| WHAT TO DO |
Retype exactly the lines below, starting with the line that contains "jav japanese adult video" and ending with the last line; leave out any pictures.

*** Opening INFORMATION SUPPLIED ***

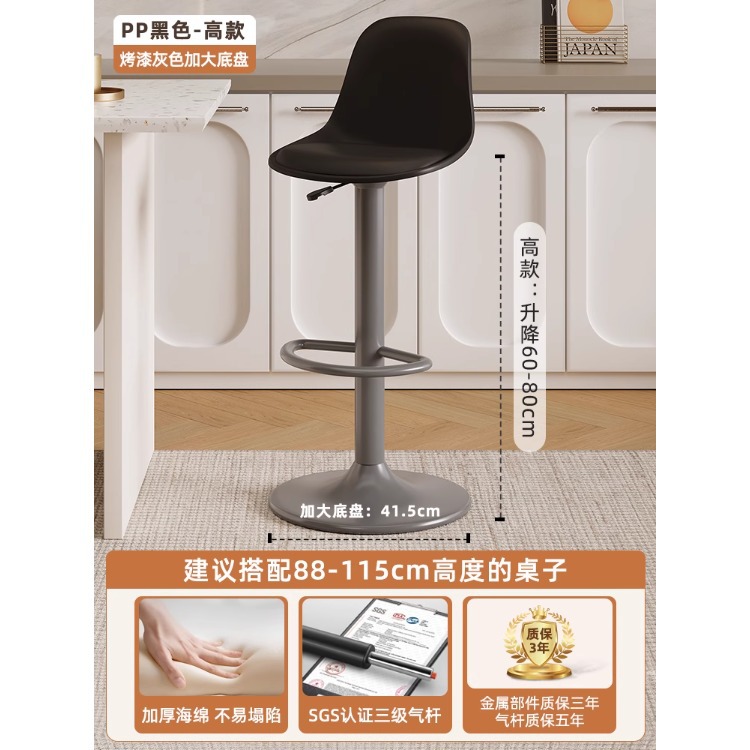 Silla de bar silla alta minimalista moderna, recepción giratoria, elevador de caja, taburete alto para el hogar, respaldo, silla de bar de lujo ligera image 25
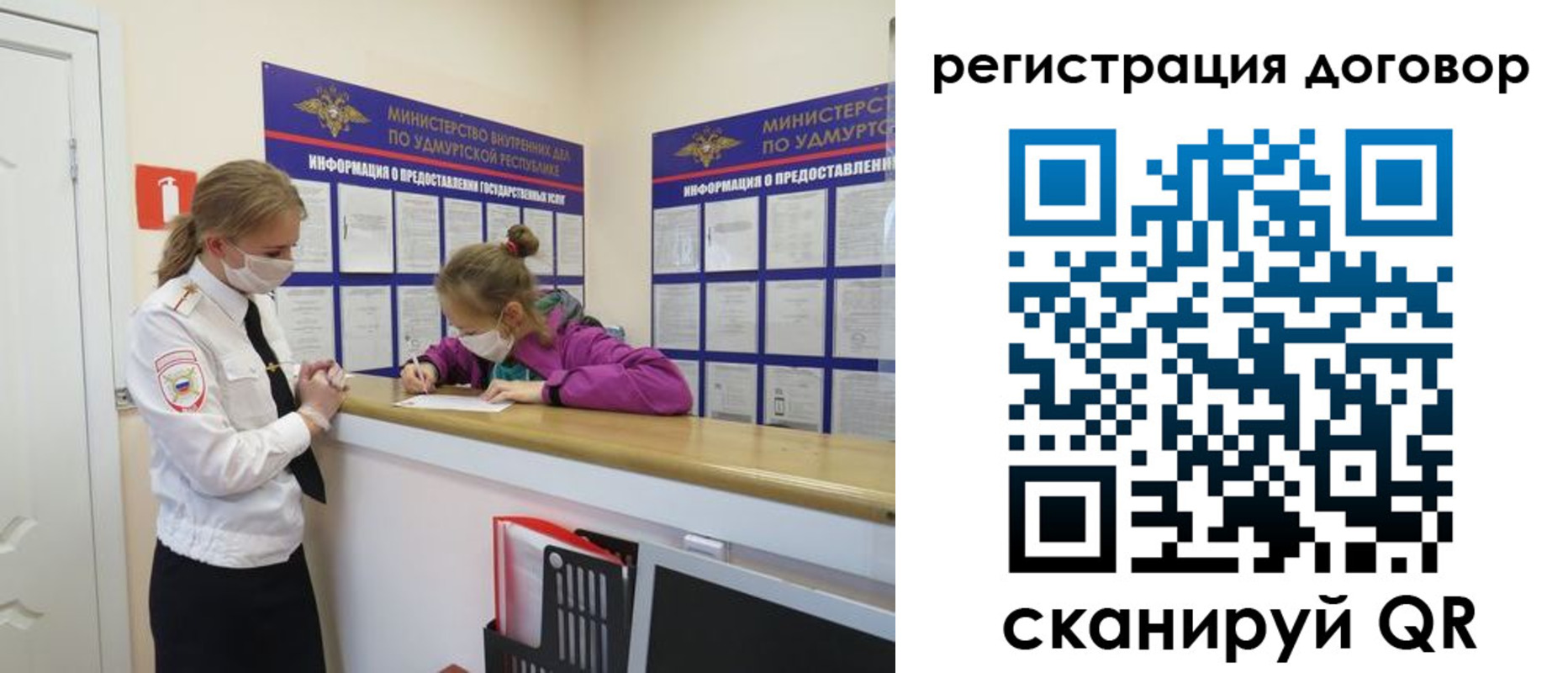 временная регистрация купить в Ставрополе
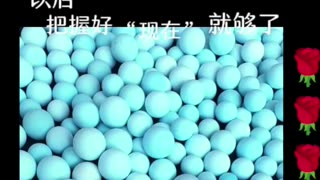 20250809-11 The Hot Item in the Live Stream Is Actually Electrolyzed Sleeping Beauty Turquoise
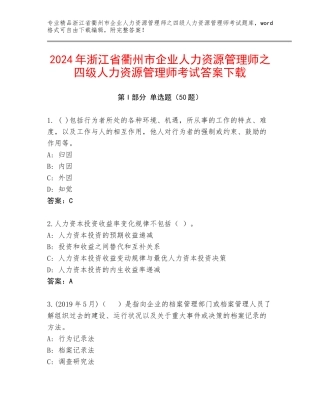 2024年浙江省衢州市企业人力资源管理师之四级人力资源管理师考试答案下载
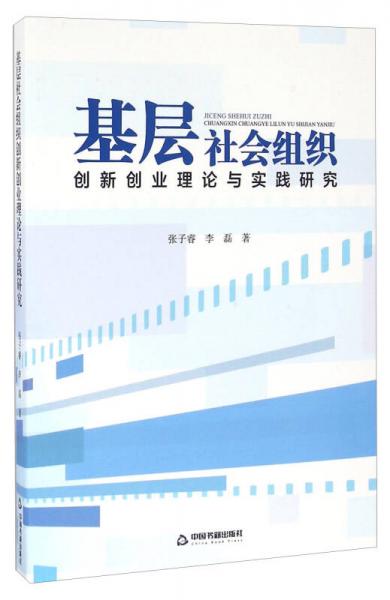 是個,理論研究,期刊,實踐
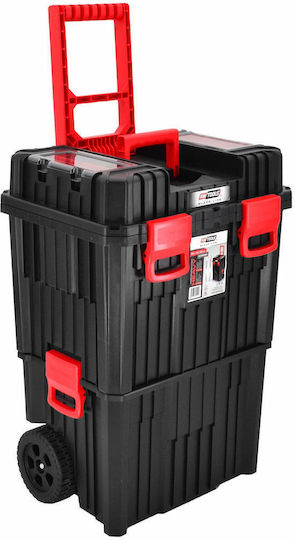 Awtools Tool Box On Wheels 450x360x640mm Heavy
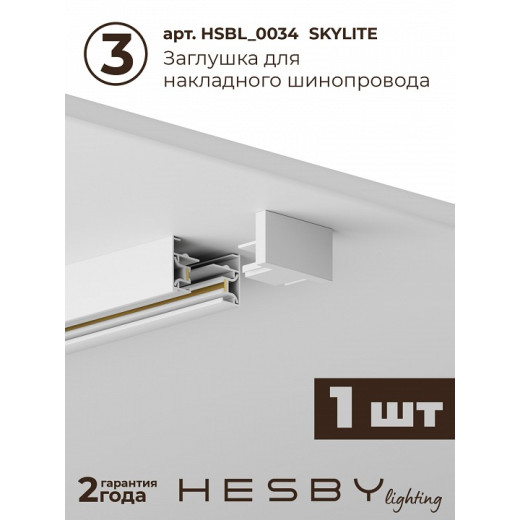 Комплект трековый Hesby Lighting №1 однофазная накладная Skylite HSBL_kompl_S001_NI2W4K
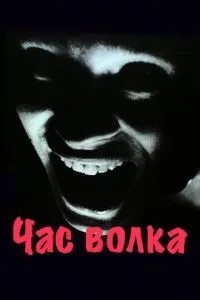 Година вовка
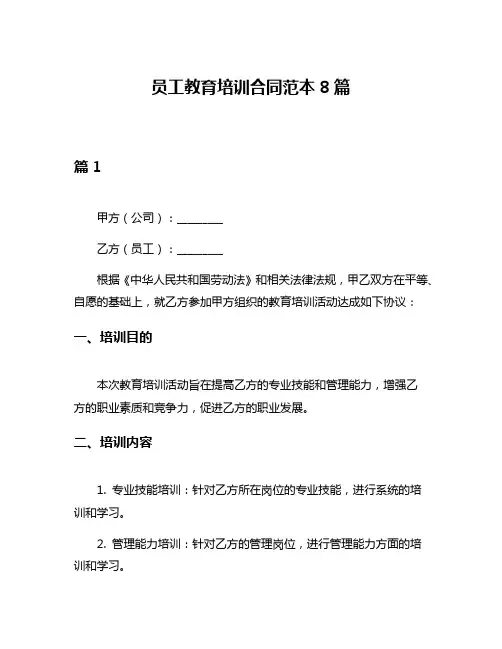 员工教育培训合同范本8篇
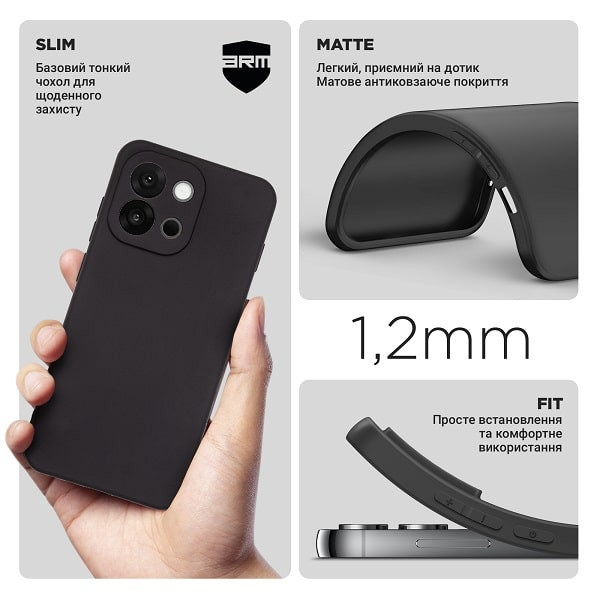 Чохол ArmorStandart Matte Slim Fit Camera Cov для OnePlus 13T Black (ARM86732) (Код товару:41557) Харків - зображення 3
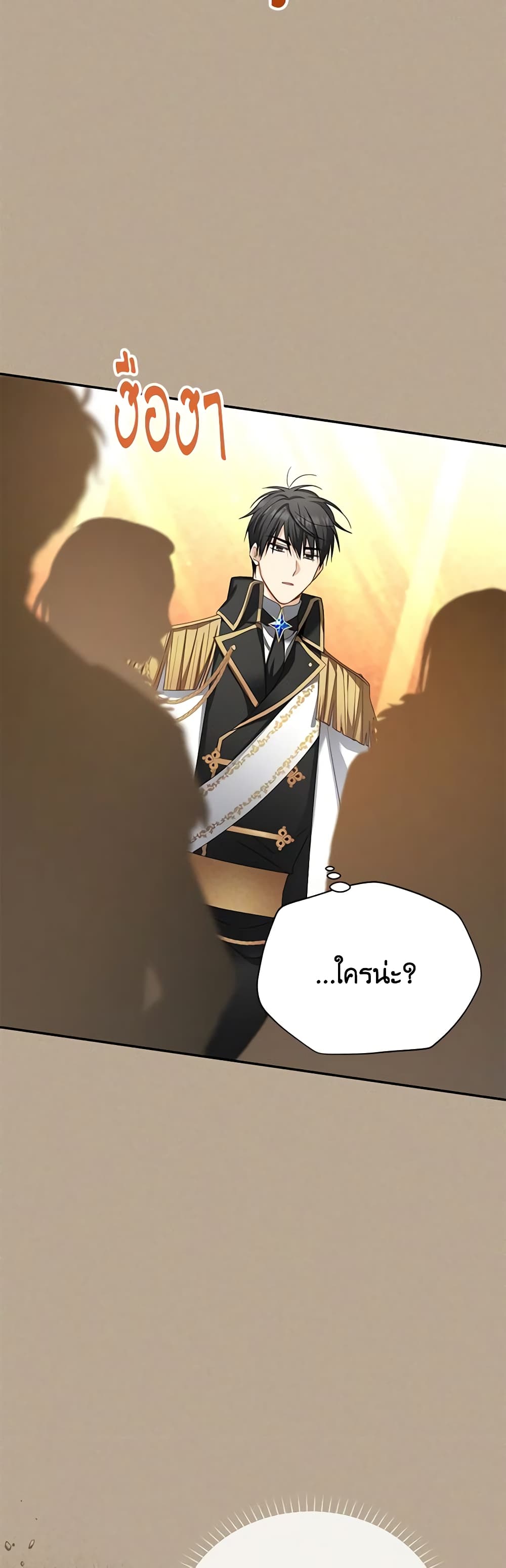 The Soulless Duchess page 3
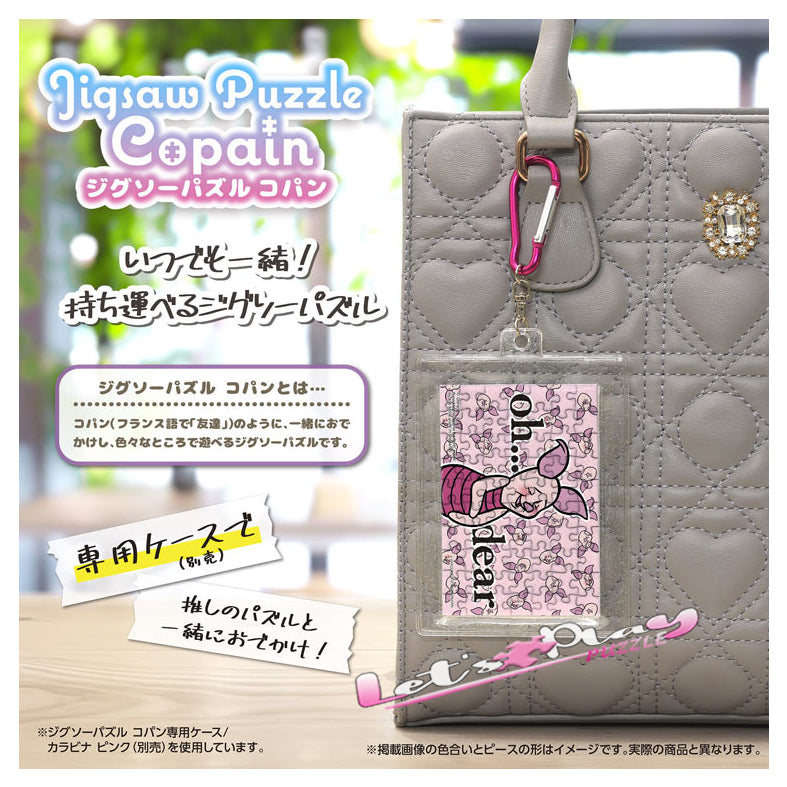 Piglet (Puzzle Copain)(3月下旬發行)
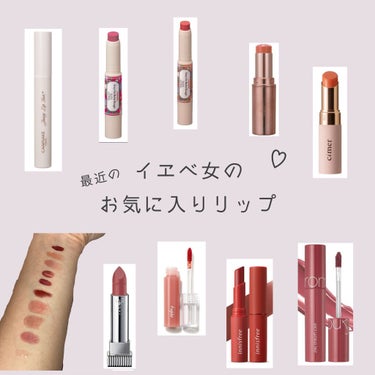 ビビッドコットン スティック/innisfree/口紅を使ったクチコミ（1枚目）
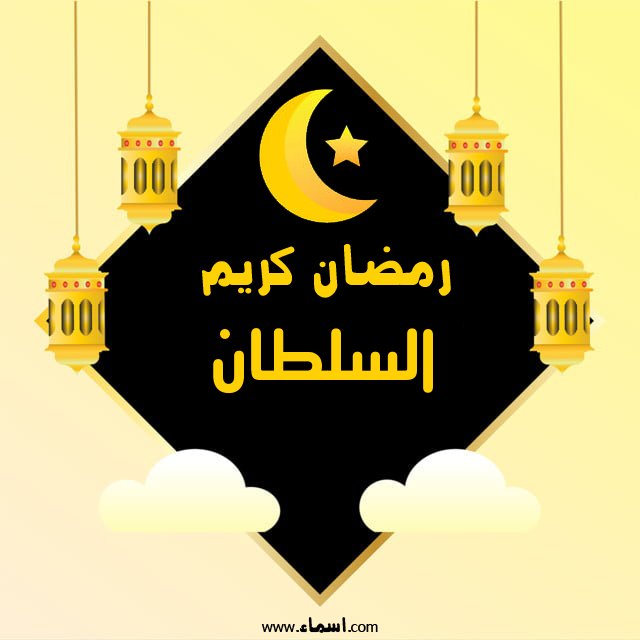 إسم السلطان مكتوب على رمضان كريم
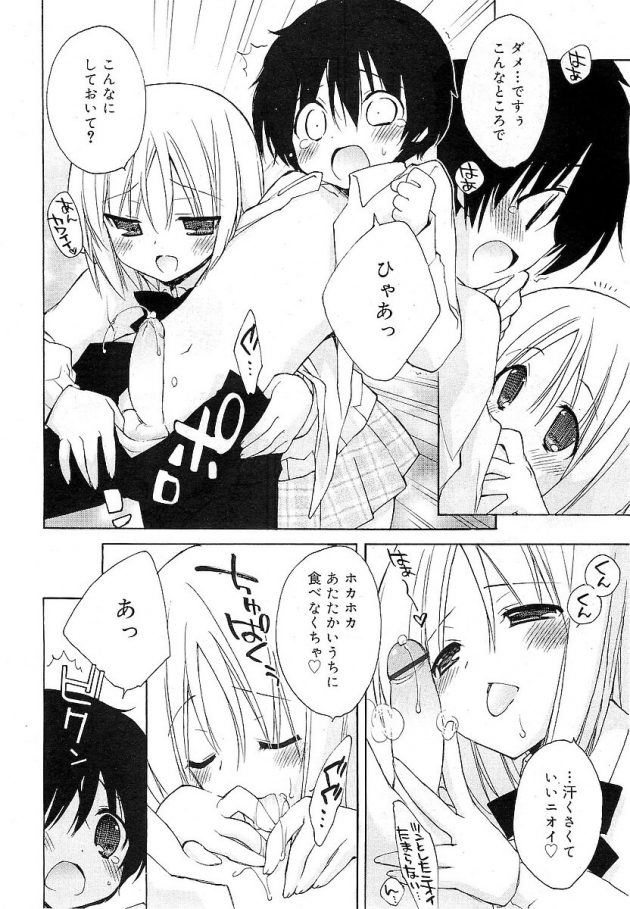 子犬みたいに可愛い顔した後輩ショタ君をキスから全身舐めまわしちゃう先輩JKｗ│Puppy♥Puppy (4)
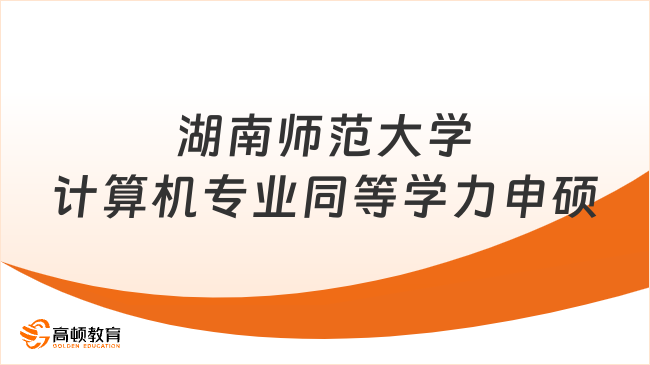 湖南师范大学计算机专业同等学力申硕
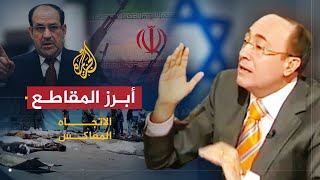 الاتجاه المعاكس- أهم حلقات الأعوام الماضية ج2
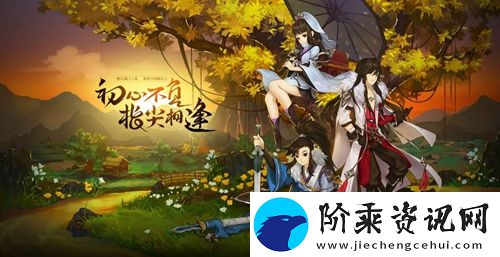 剑网3指尖江湖1.5每日一题答案2023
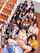 jav japanese adult video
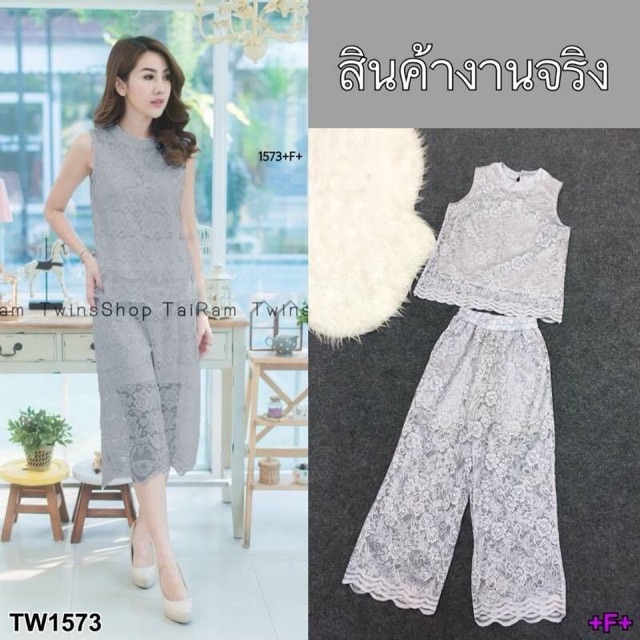 pe1573-เซตลูกไม้-เสื้อลูกไม้แขนกุดมาพร้อมกางเกงลูกไม้ขาบานนิดๆ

*** Closing INFORMATION SUPPLIED ***

| THE COMPLETED TASK |
 jav japanese adult video
 pe1573-เซตลูกไม้-เสื้อลูกไม้แขนกุดมาพร้อมกางเกงลูกไม้ขาบานนิดๆ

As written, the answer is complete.